Having some trouble with indexes on sql server 2005. I'll explain it with a simplified example.
I have a customers table, and a sp to list customers :
create table Customers(
CusID int not null,
Name varchar(50) null,
Surname varchar(50) null,
CusNo int not null,
Deleted bit not null
)
create proc spCusLs (
@.CusID int = null,
@.Name varchar(50) = null,
@.Surname varchar(50) = null,
@.CusNo int = null
)
as
select
CusID,
Name,
Surname,
CusNo
from
Customers
where
Deleted = 0
and CusID <> 1000
and (@.CusID is null or CusID = @.CusID)
and (@.CusNo is null or CusNo = @.CusNo)
and (@.Name is null or Name like @.Name)
and (@.Surname is null or Surname like @.Surname)
order by
Name,
Surname
create nonclustered index ix_customers_name on customers ([name] asc)
with (sort_in_tempdb = off, drop_existing = off, ignore_dup_key = off, online = off) on primary
create nonclustered index ix_customers_surname on customers (surname asc)
with (sort_in_tempdb = off, drop_existing = off, ignore_dup_key = off, online = off) on primary
create nonclustered index ix_customers_cusno on customers (cusno asc)
with (sort_in_tempdb = off, drop_existing = off, ignore_dup_key = off, online = off) on primary
I've recently noticed that some tables, including 'Customers' don't have indexes except primary keys.

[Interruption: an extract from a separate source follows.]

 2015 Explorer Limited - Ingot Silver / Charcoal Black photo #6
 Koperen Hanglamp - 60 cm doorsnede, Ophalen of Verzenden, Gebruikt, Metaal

And I have added indexes to "name", "surname" and "cusno" columns. This has dropped the number of IO reads. But the strange thing is; one time it works with name / surname searches like ('joh%' '%') but when CusNo is included, it does a full scan. And vice versa when the SP is recompiled using 'alter', works ok with CusNo, but not with name/surname. Recompile it, and it's reversed again. When run as a single query, the execution plan looks different.
What's happening? Perhaps something to do with statistics? This doesn't have a big payload on the server, but there are some other procs suffering from this on heavy queries, making server performance worse than before...
You will get the best performance if you can create a "covering" index for this query, which is a non-clustered index that includes all of the columns needed to satisfy or "cover" the query.
In this case, I would try a unique, non-clustered index on Deleted, CusID, CusNo, Name, and SurName (all of these in a single NC index). You may have to play around with the order of the columns in this index (based on their selectivity) to get the best results.
Also, the fact that you are using OR and LIKE in your WHERE clause will cause performance issues. I would consider splitting this into two SP's instead of trying to use an "all-purpose" SP for this.